• Provided material:
..............................

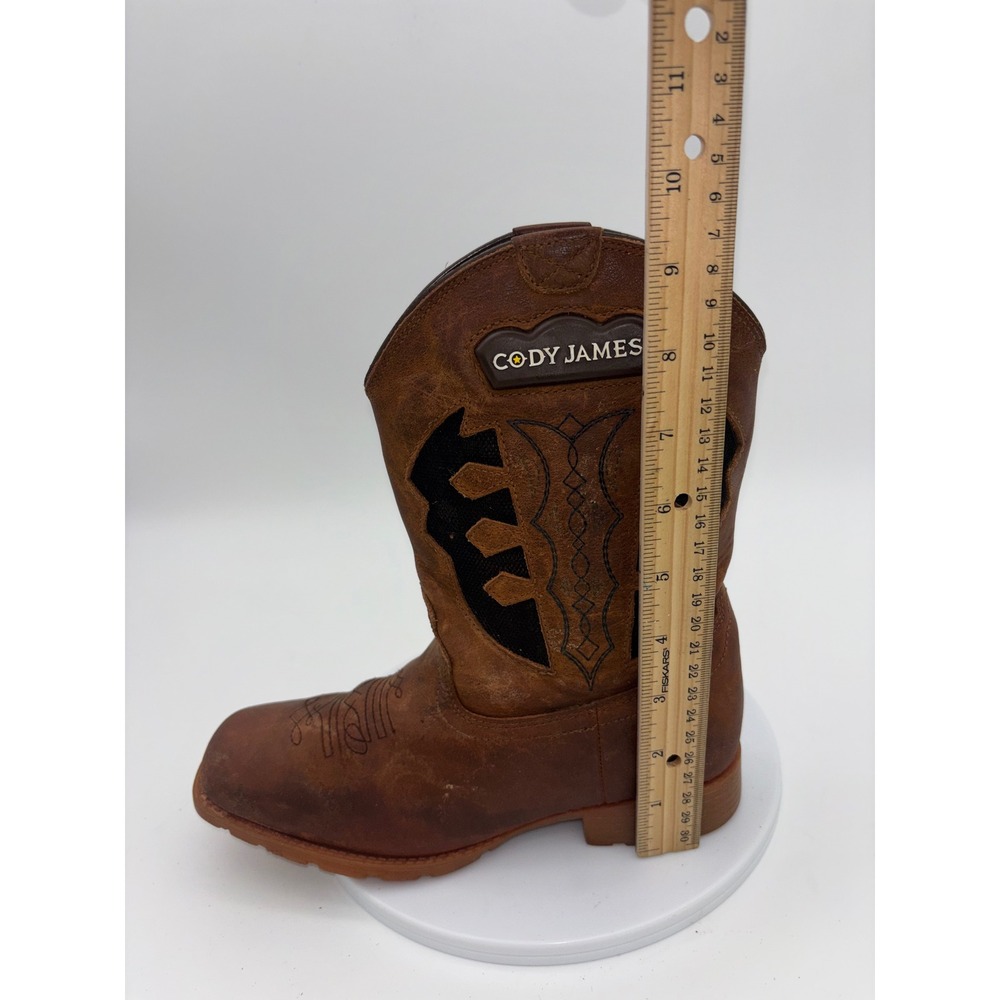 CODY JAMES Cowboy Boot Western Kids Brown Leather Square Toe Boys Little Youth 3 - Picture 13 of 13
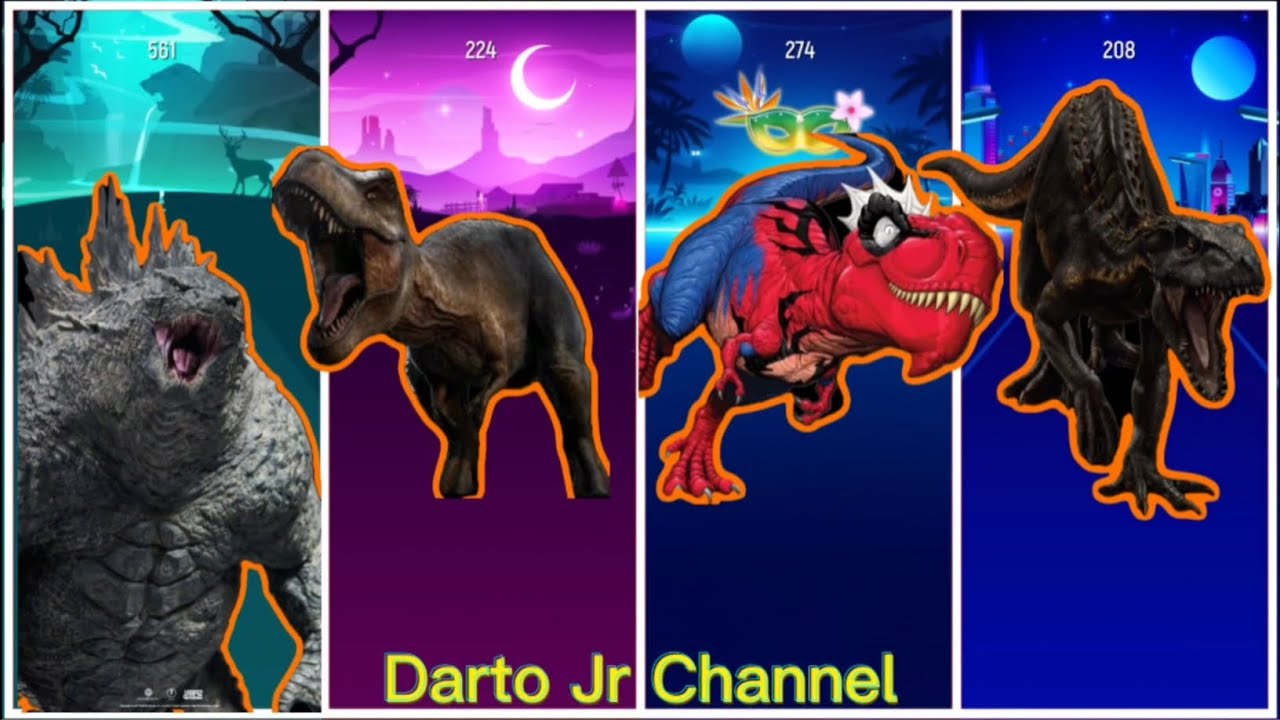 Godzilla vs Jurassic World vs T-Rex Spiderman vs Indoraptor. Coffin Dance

..............................

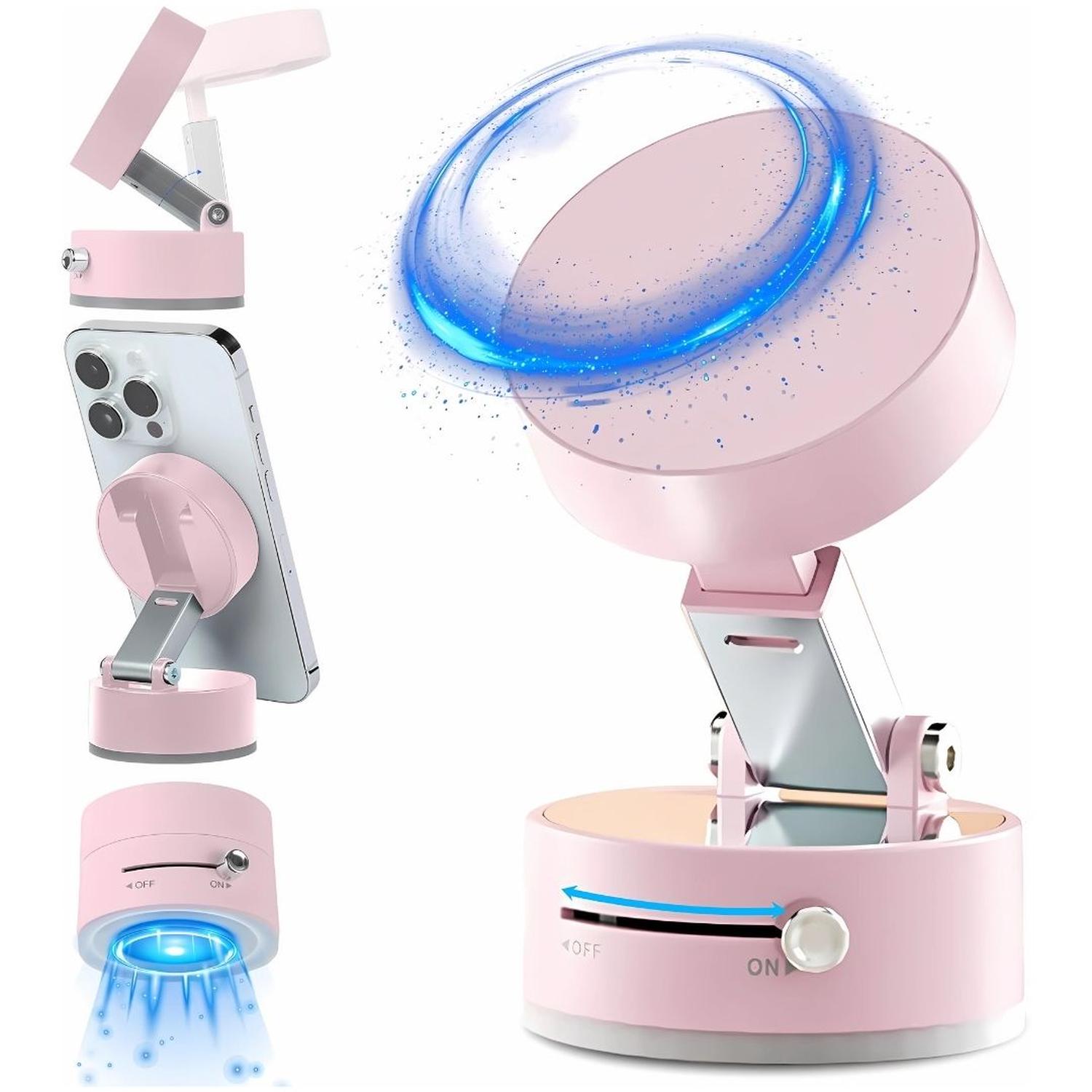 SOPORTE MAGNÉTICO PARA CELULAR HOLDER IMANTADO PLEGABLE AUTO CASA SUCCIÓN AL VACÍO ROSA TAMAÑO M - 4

..............................

• Problem description:
Pictures aside, return exactly the lines from the data above, starting at the line that has "CODY JAMES Cowboy" and ending at the line that has "Godzilla vs Jurassic", both included.

• Result for this exercise:
 CODY JAMES Cowboy Boot Western Kids Brown Leather Square Toe Boys Little Youth 3 - Picture 13 of 13
 Godzilla vs Jurassic World vs T-Rex Spiderman vs Indoraptor. Coffin Dance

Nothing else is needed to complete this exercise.